Material provided

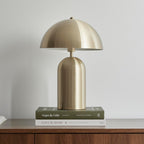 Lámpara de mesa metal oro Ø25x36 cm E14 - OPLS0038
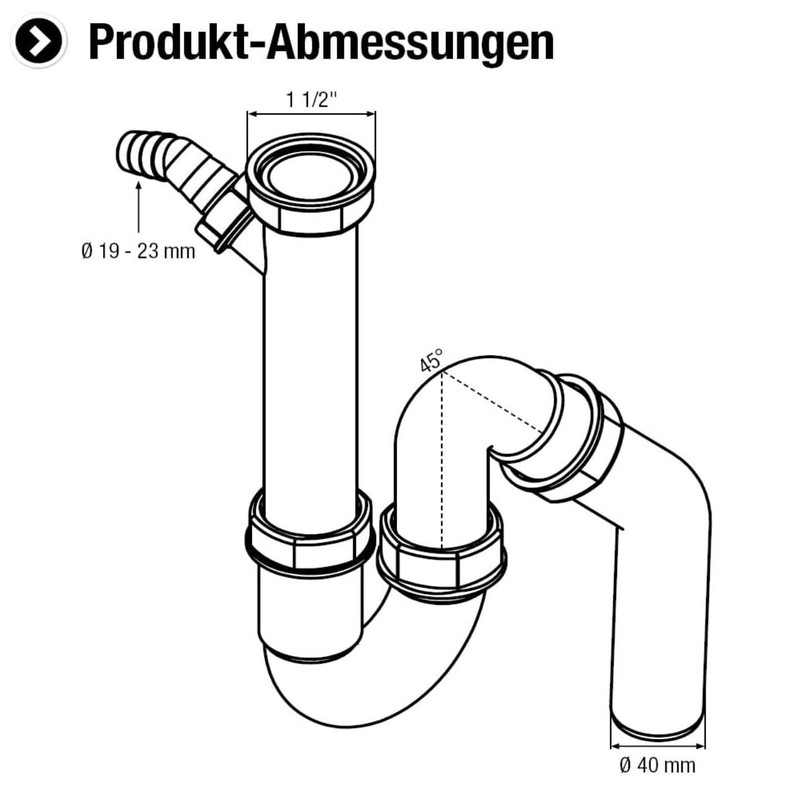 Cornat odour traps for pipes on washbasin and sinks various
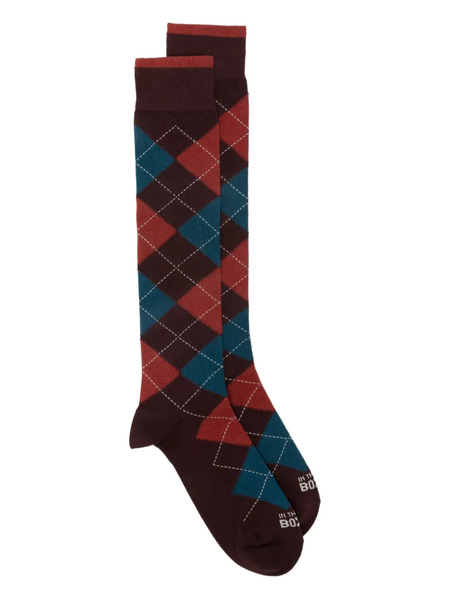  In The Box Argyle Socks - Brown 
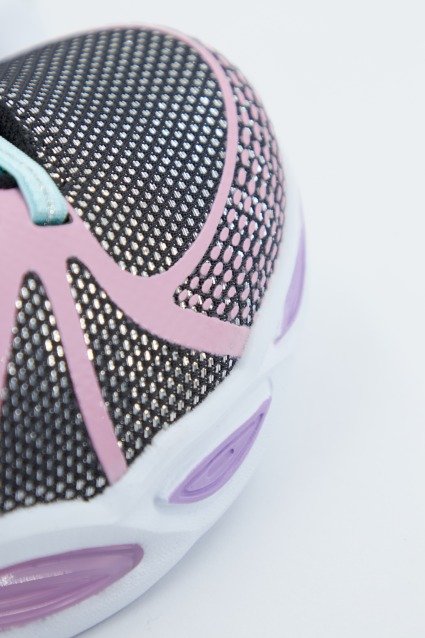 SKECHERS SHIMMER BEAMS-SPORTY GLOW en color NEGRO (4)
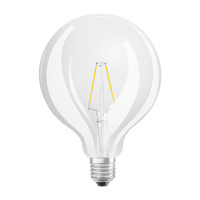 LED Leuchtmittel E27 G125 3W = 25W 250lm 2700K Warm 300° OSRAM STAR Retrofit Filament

Exercise details
All of the records above are to be copied exactly, minus the pictures.

Answer to this problem
 Lámpara de mesa metal oro Ø25x36 cm E14 - OPLS0038
 Cornat odour traps for pipes on washbasin and sinks various
  In The Box Argyle Socks - Brown 
 SKECHERS SHIMMER BEAMS-SPORTY GLOW en color NEGRO (4)
 LED Leuchtmittel E27 G125 3W = 25W 250lm 2700K Warm 300° OSRAM STAR Retrofit Filament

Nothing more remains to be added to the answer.